*** Input data Section Begins ***

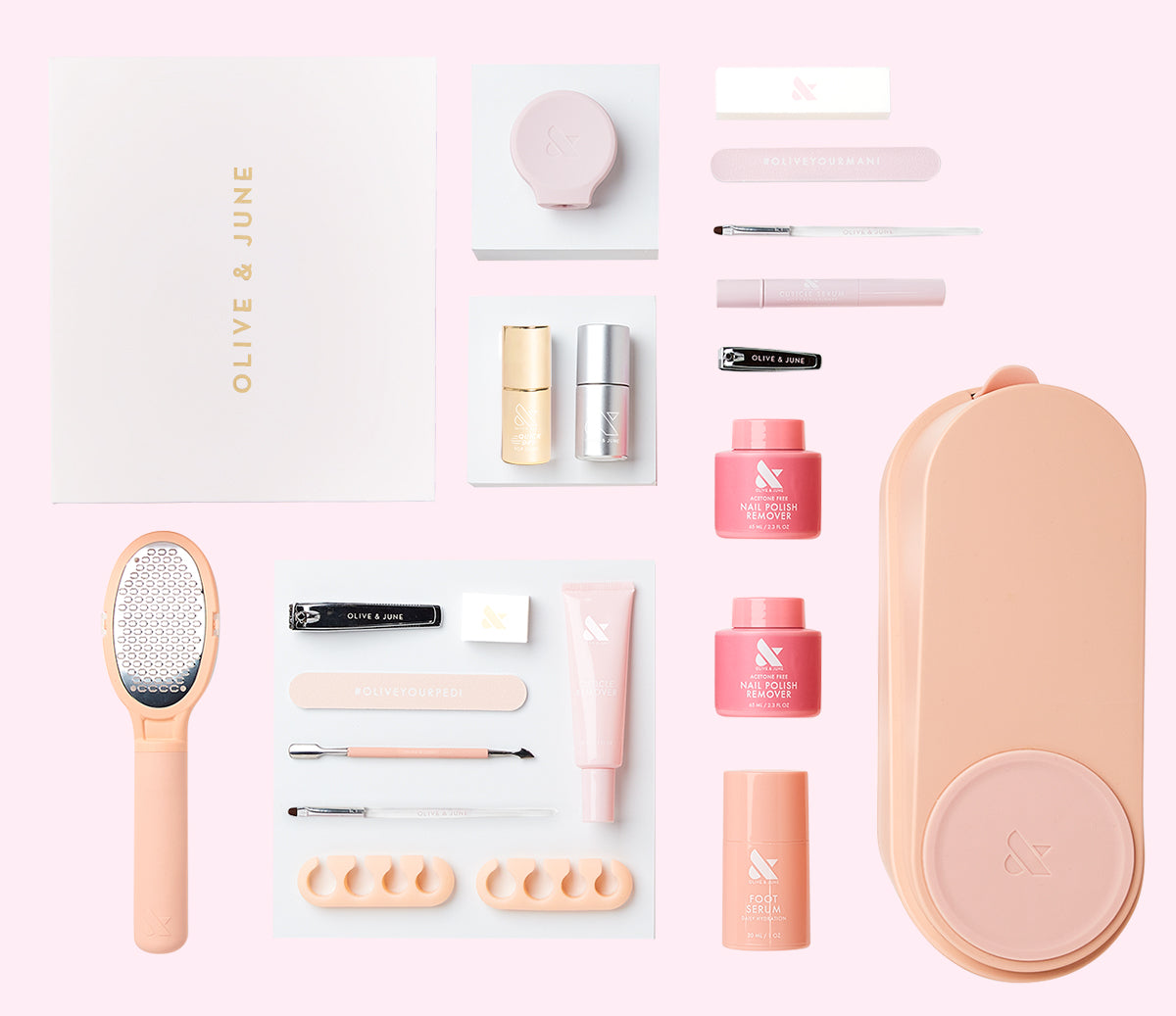 The Sweet Treat Complete System - Mix & Match - 6 Polishes、mySite、solidvoid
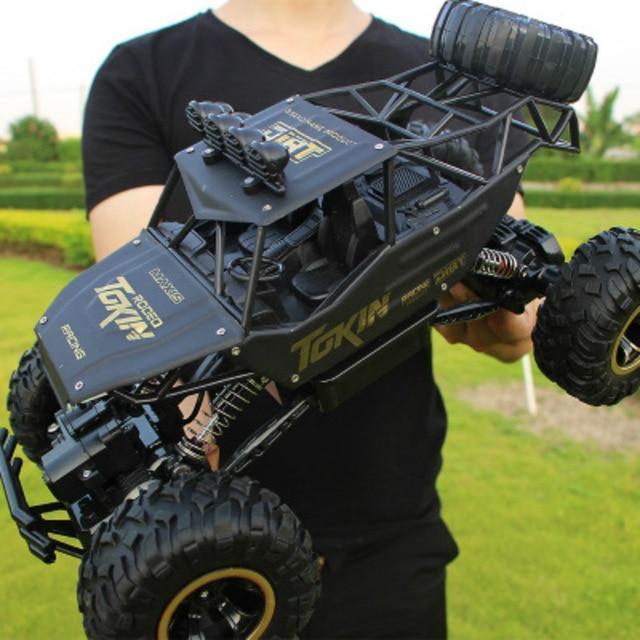 4WD RC Cars Updated Version 2.4G Radio Control RC Cars Toys Buggy High Speed Trucks Off-Road Trucks Toys For Children - HD Wireless Product #4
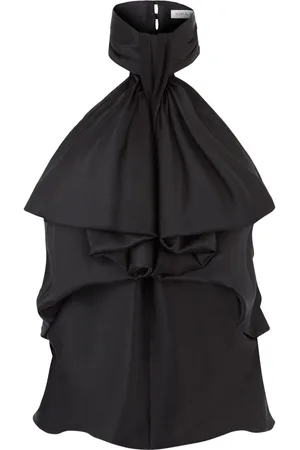Nina Ricci Top med flæser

*** Input data Section Ends ***

• Task brief
Reproduce the listing exactly, minus its pictures.

• The answer
 The Sweet Treat Complete System - Mix & Match - 6 Polishes、mySite、solidvoid
 4WD RC Cars Updated Version 2.4G Radio Control RC Cars Toys Buggy High Speed Trucks Off-Road Trucks Toys For Children - HD Wireless Product #4
Nina Ricci Top med flæser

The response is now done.